Captioned web image data:
┄┄┄┄┄┄

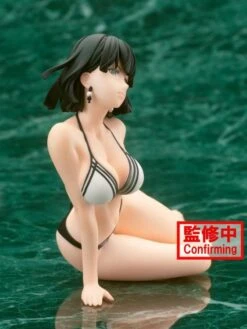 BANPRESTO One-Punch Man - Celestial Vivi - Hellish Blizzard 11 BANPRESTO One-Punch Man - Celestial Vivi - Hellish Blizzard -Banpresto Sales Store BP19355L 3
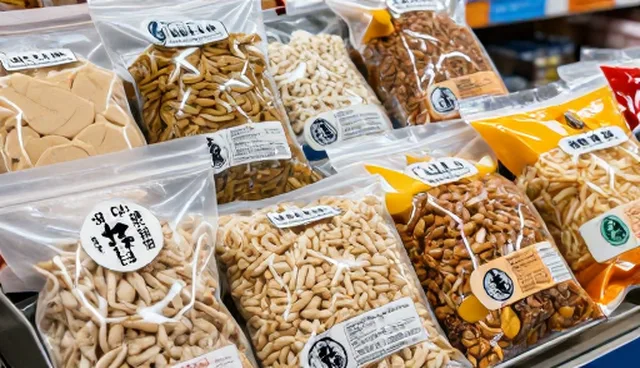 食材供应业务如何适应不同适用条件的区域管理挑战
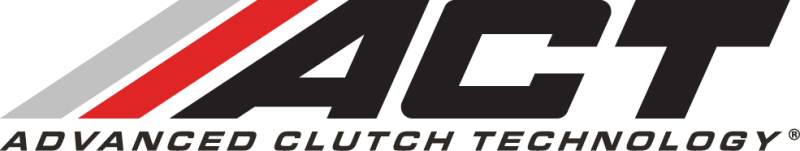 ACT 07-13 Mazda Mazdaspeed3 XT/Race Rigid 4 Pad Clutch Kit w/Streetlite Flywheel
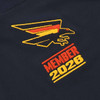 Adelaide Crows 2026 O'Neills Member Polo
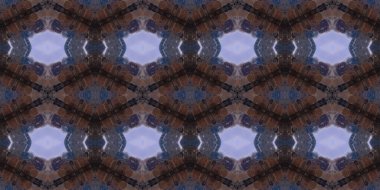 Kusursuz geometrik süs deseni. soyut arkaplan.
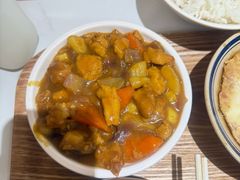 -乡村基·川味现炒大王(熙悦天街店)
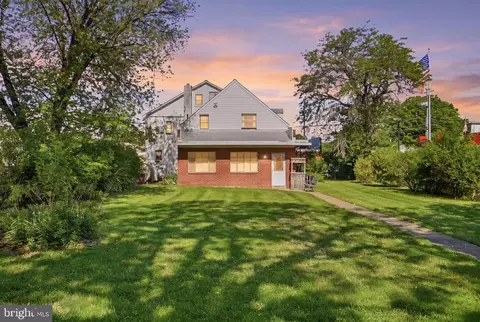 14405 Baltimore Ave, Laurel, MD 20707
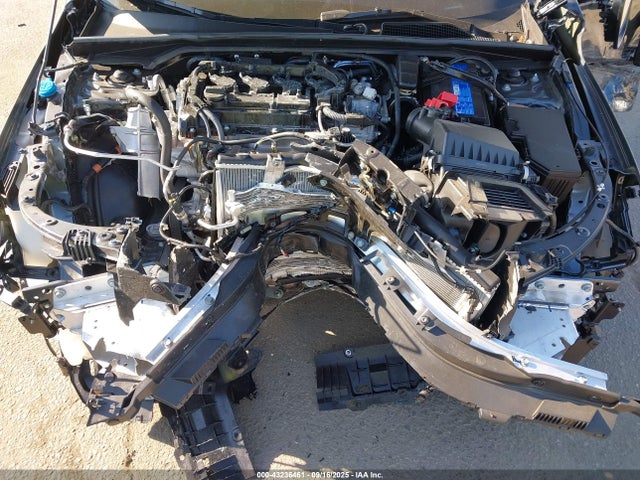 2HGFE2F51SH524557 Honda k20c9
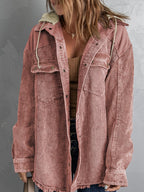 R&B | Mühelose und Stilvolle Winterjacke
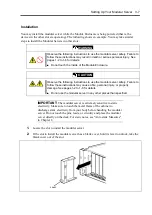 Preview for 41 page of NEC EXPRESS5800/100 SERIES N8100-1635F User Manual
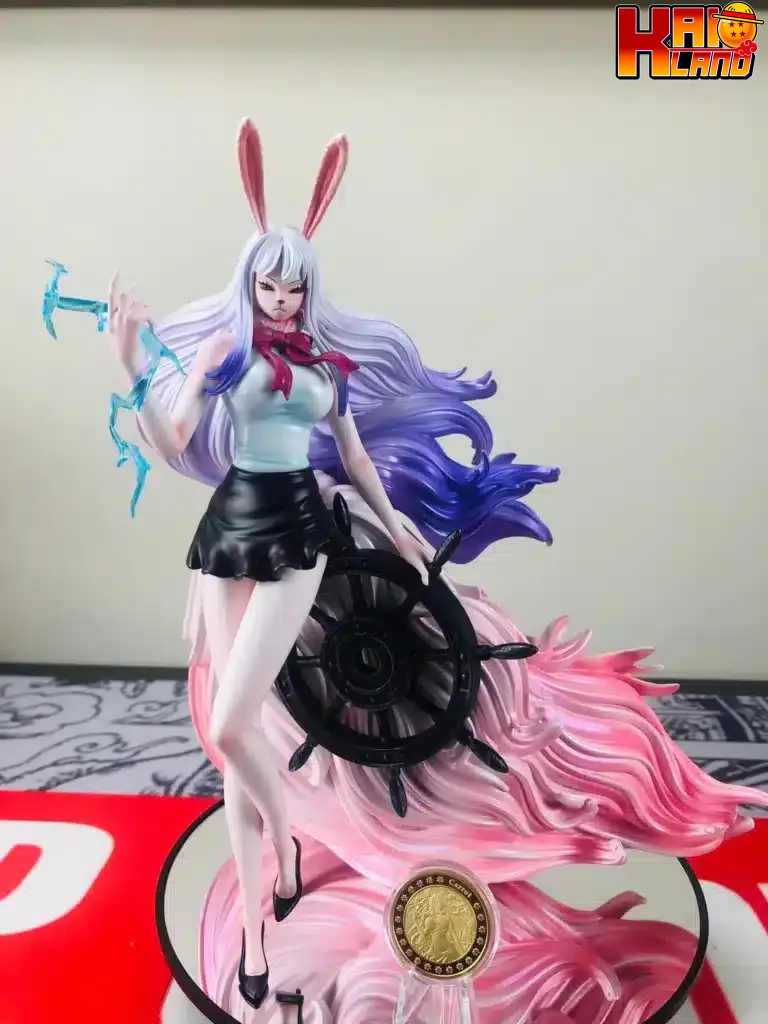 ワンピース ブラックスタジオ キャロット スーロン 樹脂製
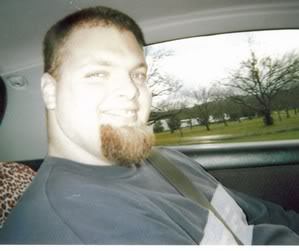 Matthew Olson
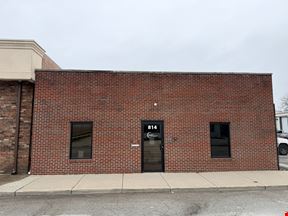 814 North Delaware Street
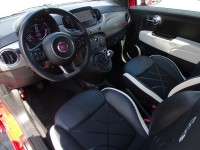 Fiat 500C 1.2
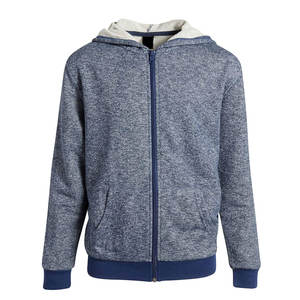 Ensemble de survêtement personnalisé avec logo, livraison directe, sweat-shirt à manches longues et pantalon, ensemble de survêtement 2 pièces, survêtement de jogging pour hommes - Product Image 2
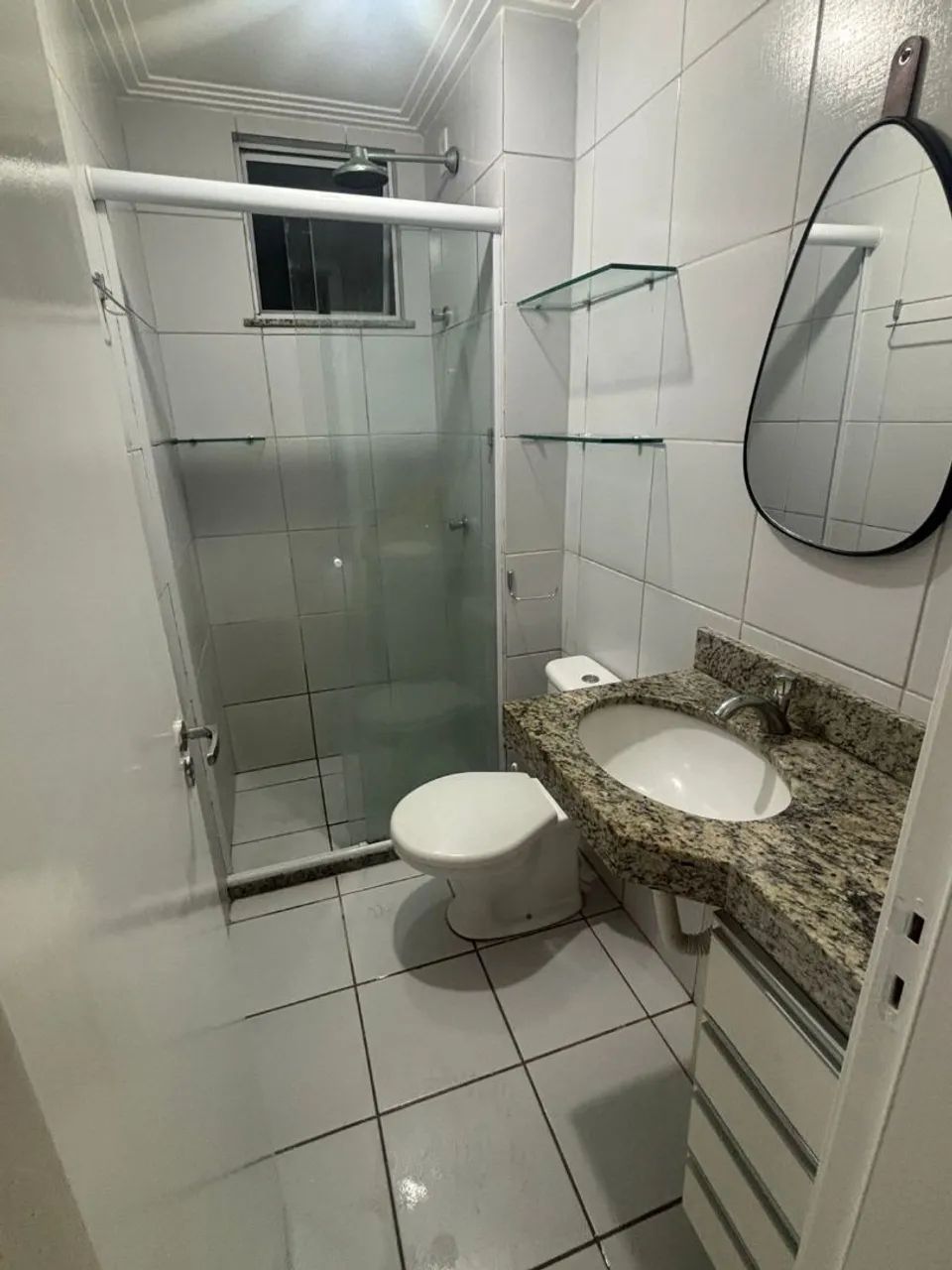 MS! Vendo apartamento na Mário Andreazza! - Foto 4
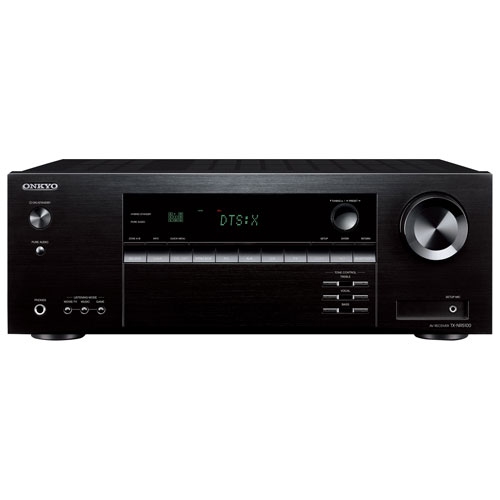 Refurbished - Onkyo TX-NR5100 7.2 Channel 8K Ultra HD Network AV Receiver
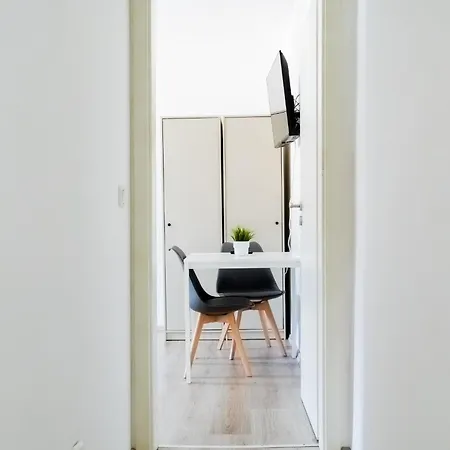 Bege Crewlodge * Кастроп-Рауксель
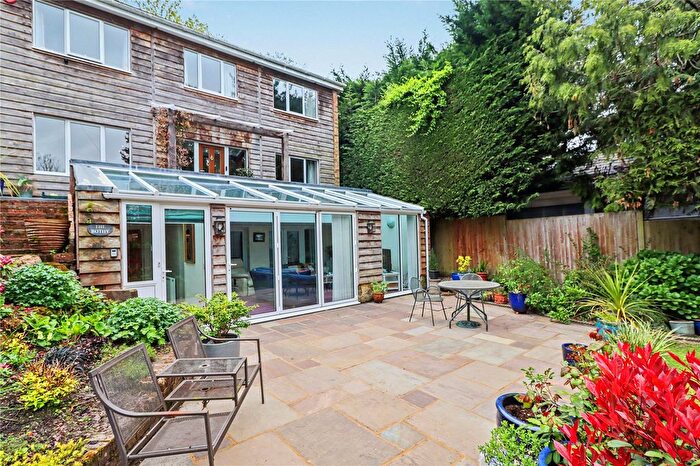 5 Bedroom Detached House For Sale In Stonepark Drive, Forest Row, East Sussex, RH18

┄┄┄┄┄┄

| Task to carry out |
Set down all of the entries precisely and keep the pictures out of the copy.

| Exercise result |
 BANPRESTO One-Punch Man - Celestial Vivi - Hellish Blizzard 11 BANPRESTO One-Punch Man - Celestial Vivi - Hellish Blizzard -Banpresto Sales Store BP19355L 3
 食材供应业务如何适应不同适用条件的区域管理挑战
 ACT 07-13 Mazda Mazdaspeed3 XT/Race Rigid 4 Pad Clutch Kit w/Streetlite Flywheel
 Adelaide Crows 2026 O'Neills Member Polo
 Kusursuz geometrik süs deseni. soyut arkaplan.
 -乡村基·川味现炒大王(熙悦天街店)
 14405 Baltimore Ave, Laurel, MD 20707
 2HGFE2F51SH524557 Honda k20c9
 R&B | Mühelose und Stilvolle Winterjacke
 Preview for 41 page of NEC EXPRESS5800/100 SERIES N8100-1635F User Manual
 ワンピース ブラックスタジオ キャロット スーロン 樹脂製
 Matthew Olson
 814 North Delaware Street
 Fiat 500C 1.2
 Ensemble de survêtement personnalisé avec logo, livraison directe, sweat-shirt à manches longues et pantalon, ensemble de survêtement 2 pièces, survêtement de jogging pour hommes - Product Image 2
 MS! Vendo apartamento na Mário Andreazza! - Foto 4
 Refurbished - Onkyo TX-NR5100 7.2 Channel 8K Ultra HD Network AV Receiver
 Bege Crewlodge * Кастроп-Рауксель
 5 Bedroom Detached House For Sale In Stonepark Drive, Forest Row, East Sussex, RH18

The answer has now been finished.